The majority of the American public is not pleased with how President Barack Obama has handled the various terror threats facing the United States, according to New York Times/CBS news poll released Wednesday. Fifty percent said they disapprove of how the president is handling the “threat of terrorism,” compared with the 41 percent who said the opposite.
The percentage of those who disapprove of Obama’s strategy to combat terrorism is the highest it has been since the start of his presidency, according to the New York Times.
Over a thousand Americans were polled between Sept. 12 and 15 after Obama announced a second air campaign against Islamic State, formerly known as Islamic State of Iraq and Syria (ISIS). Aside from an air campaign in Syria, Obama's four-point strategy to combat ISIS included additional airstrikes additional 475 U.S. troops to support Iraqi and Kurdish forces in Iraq. Despite the 1,200 U.S. troops currently in Iraq, Obama is adamant that America would not be dragged into another ground war. He also called on Congress to approve funding to Syrian moderate rebels on the ground, which was approved Wednesday.
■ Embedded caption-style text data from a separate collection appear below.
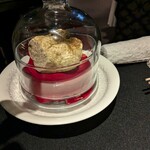 リストランテ･ヒロ  - 大きな白トリュフがガラスケースに入っていた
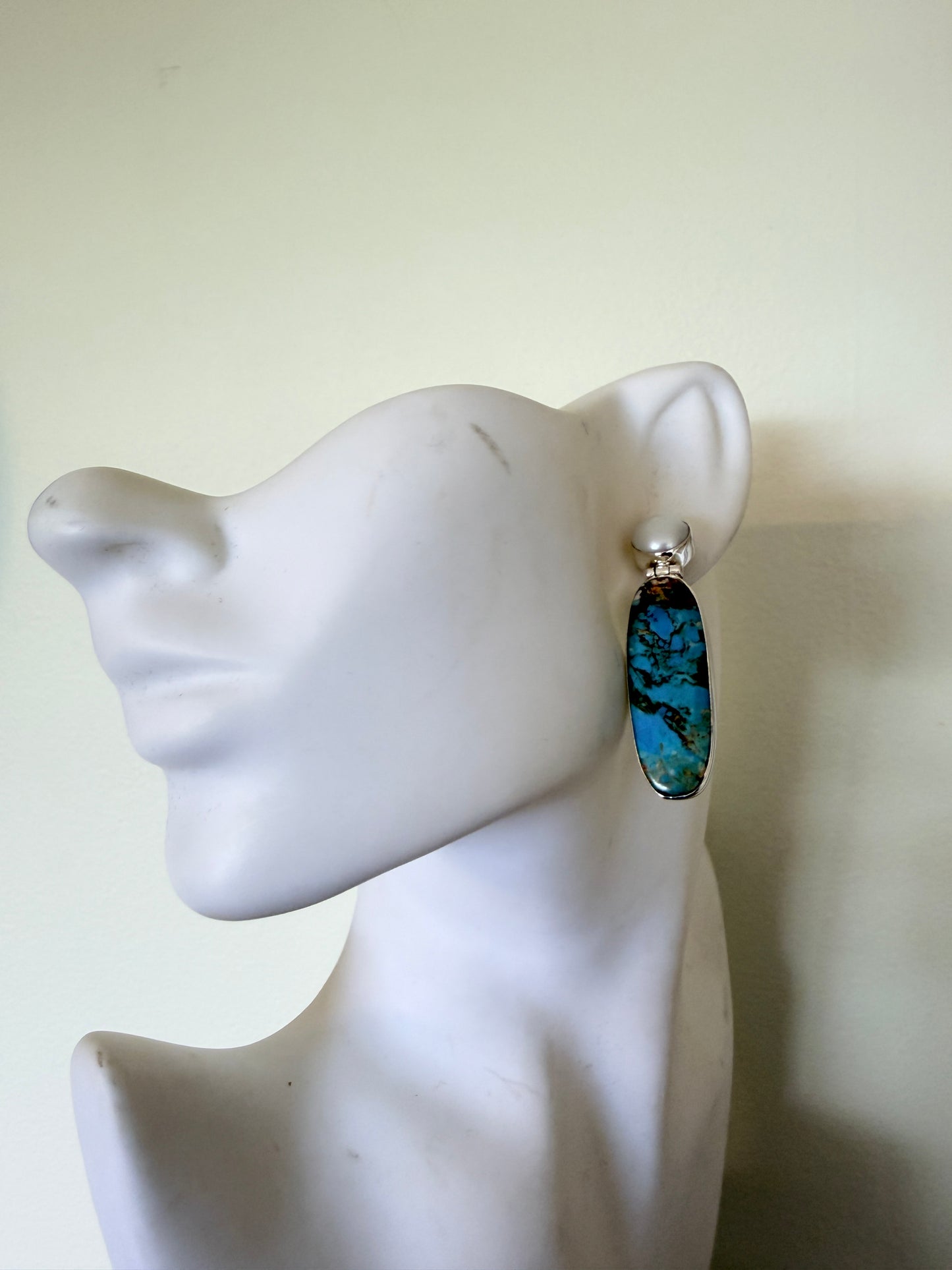 Magnesite with Pearl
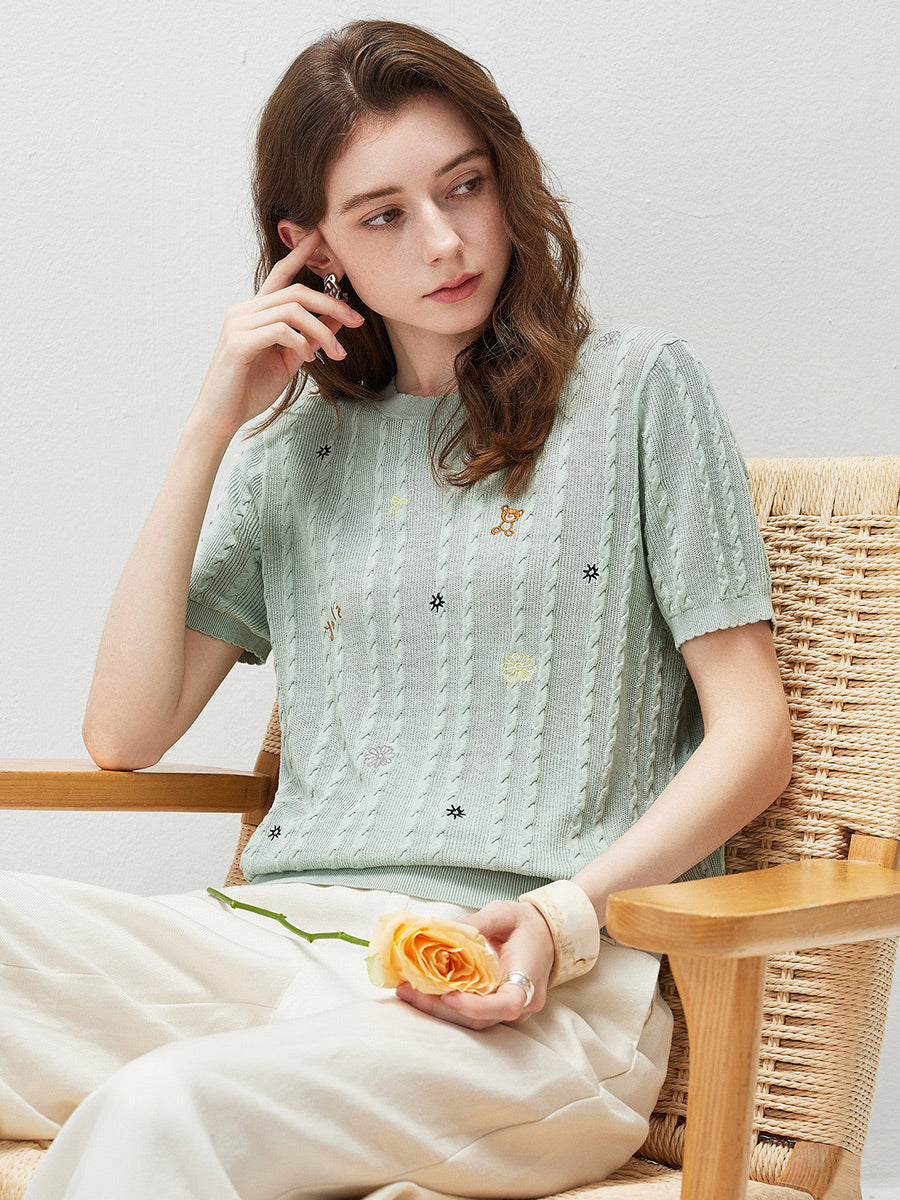 COMOBOCA Women's Cable Knit Embroidered Sweater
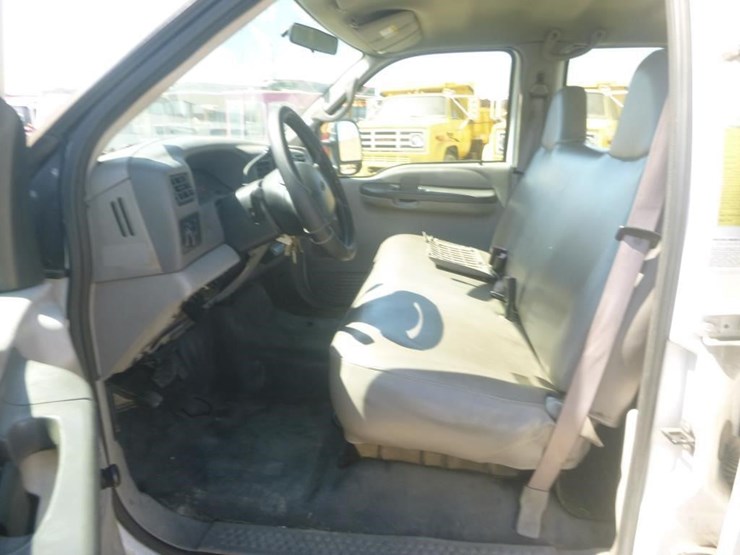 2001-ford-f450-image-11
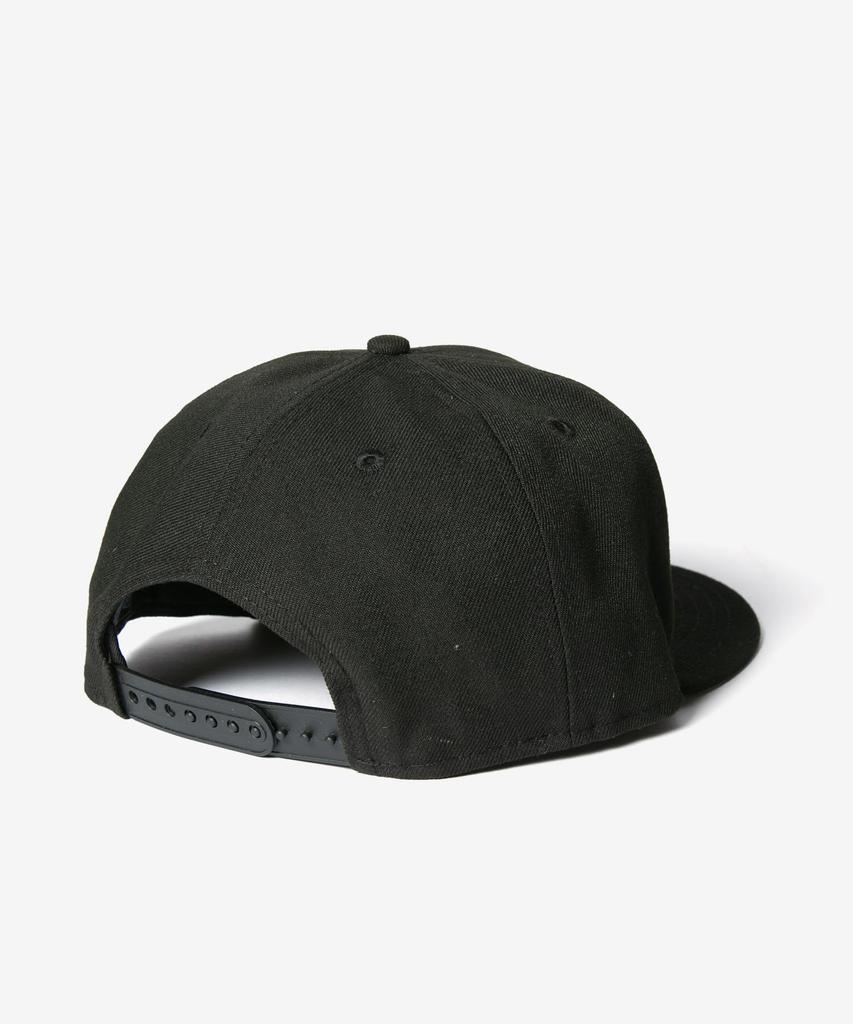New Era 9FIFTY Black White Black x Free Size & Cap, White, [Used]
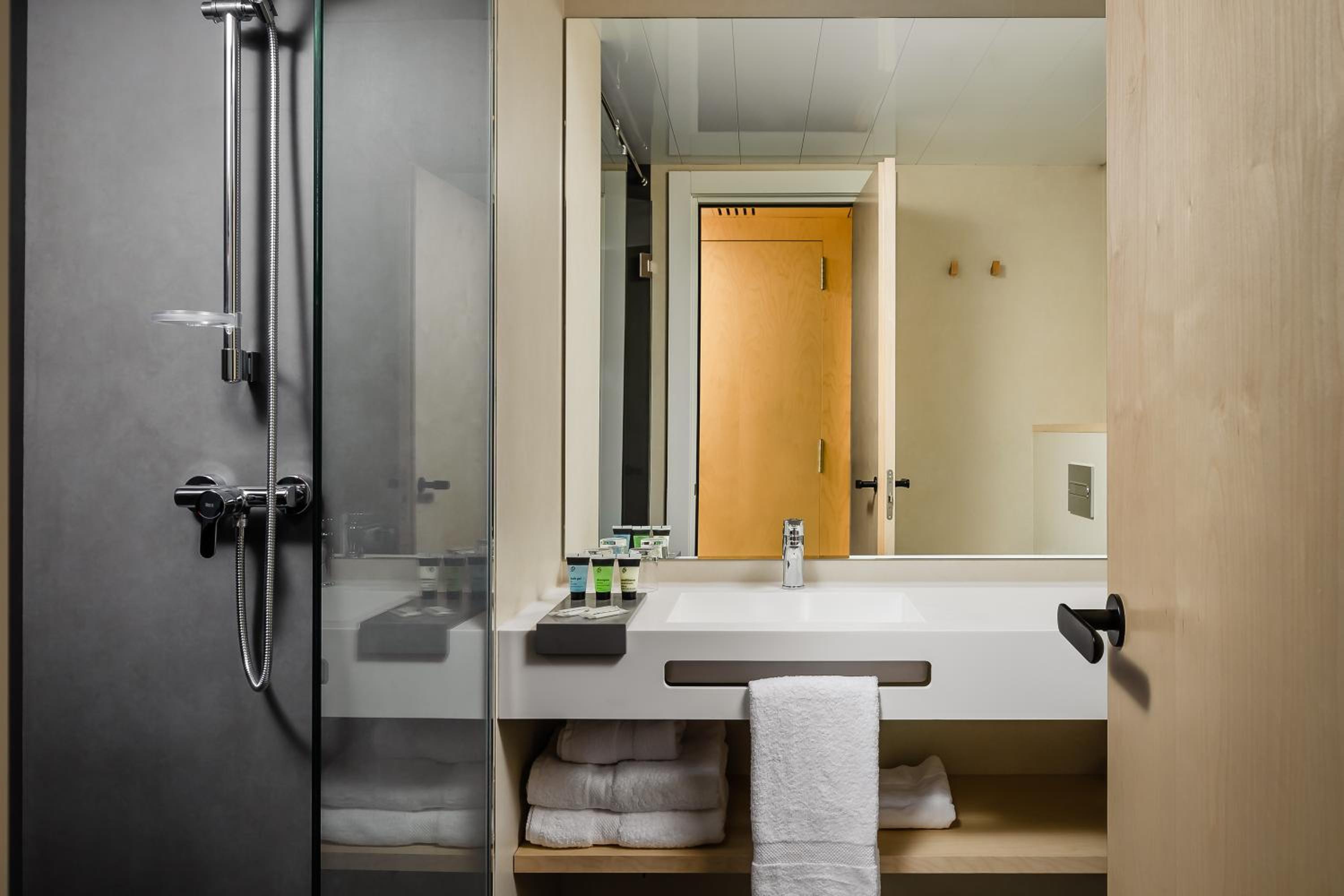 Superior Double or Twin Room with Terrace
"My highest priority is the security of the American people," Obama said in a speech last week. "I will not hesitate to take action against ISIL [ISIS] in Syria, as well as Iraq. This is a core principle of my presidency: If you threaten America, you will find no safe haven."
Despite his pledge to “degrade and ultimately destroy” ISIS, the president has received criticism for his strategy and some believe he isn’t taking the threat seriously. After ISIS released a video showing the beheading of U.S. journalist James Foley, Obama said he and the world were “appalled” by the video. But Obama faced criticism when he went to play golf at Martha’s Vineyard following the announcement.
The poll showed a general disapproval of the president’s administration. Sixty-six percent of Americans polled think the U.S. has “pretty seriously gotten off on the wrong track,” while 58 percent said they disapproved of the way the president was “handling his job as president.”